Groundwater contamination source estimation based on a refined particle filter associated with a deep residual neural network surrogate

Groundwater contamination source estimation (GCSE) involves an inverse process to match time-series monitoring data in sparse observation wells. It is commonly accompanied by a search task in high-dimensional space and huge computational burden brought about by massive callings of the simulation model. Particle filters can provide accurate estimation for a high-dimensional search task in source estimation, but the process suffers from particle degradation and huge computational load brought about by repeatedly solving the transport simulation model. To tackle the particle degradation, an iterative ensemble smoother was introduced to provide a proper proposal distribution, improving the search efficiency of the traditional particle filter. Moreover, to relieve the computational burden, a deep residual neural network was proposed to perform the surrogate task for the highly nonlinear and long-running-time original simulation model. In general, a refined particle filter with a deep-learning-method surrogate was proposed as an inverse framework for GCSE, which was evaluated by estimation tasks for a point-source contamination case and an areal-source contamination case, respectively, under different levels of observation errors.
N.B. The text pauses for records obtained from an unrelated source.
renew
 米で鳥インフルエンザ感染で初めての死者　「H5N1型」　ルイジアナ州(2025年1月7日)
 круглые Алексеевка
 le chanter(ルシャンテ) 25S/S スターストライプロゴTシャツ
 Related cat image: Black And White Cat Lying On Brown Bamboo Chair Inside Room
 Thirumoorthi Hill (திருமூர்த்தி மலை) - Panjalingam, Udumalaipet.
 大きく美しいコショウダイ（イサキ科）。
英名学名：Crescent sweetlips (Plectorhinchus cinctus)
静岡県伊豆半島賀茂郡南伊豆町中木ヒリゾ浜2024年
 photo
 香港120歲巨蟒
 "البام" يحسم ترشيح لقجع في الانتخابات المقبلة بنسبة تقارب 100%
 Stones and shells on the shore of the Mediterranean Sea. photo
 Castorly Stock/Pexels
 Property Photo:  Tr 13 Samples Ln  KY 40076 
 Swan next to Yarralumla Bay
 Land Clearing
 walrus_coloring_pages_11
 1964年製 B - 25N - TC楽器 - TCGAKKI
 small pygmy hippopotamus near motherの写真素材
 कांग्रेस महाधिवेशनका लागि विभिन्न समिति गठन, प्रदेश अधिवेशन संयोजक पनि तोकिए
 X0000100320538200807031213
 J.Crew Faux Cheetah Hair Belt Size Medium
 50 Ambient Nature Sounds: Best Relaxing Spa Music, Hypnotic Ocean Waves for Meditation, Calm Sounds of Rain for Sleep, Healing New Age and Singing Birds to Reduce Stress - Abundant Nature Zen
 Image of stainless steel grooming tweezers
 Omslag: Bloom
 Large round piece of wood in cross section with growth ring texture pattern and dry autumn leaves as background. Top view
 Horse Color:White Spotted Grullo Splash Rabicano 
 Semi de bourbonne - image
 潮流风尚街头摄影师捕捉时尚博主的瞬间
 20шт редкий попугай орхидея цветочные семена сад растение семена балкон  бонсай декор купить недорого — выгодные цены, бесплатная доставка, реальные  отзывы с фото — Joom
The results indicated that the deep-residual-neural-network surrogate model achieved the performance R-2 of 0.993 and 0.995, respectively for point-source and aerial-source contamination, to substitute the simulation models with a swift invoking process. Furthermore, the iterative ensemble smoother evidently improved the estimation efficiency of the particle filter. The proposed inverse framework can provide reliable and stable estimation of the groundwater contamination source and aquifer hydraulic conductivity.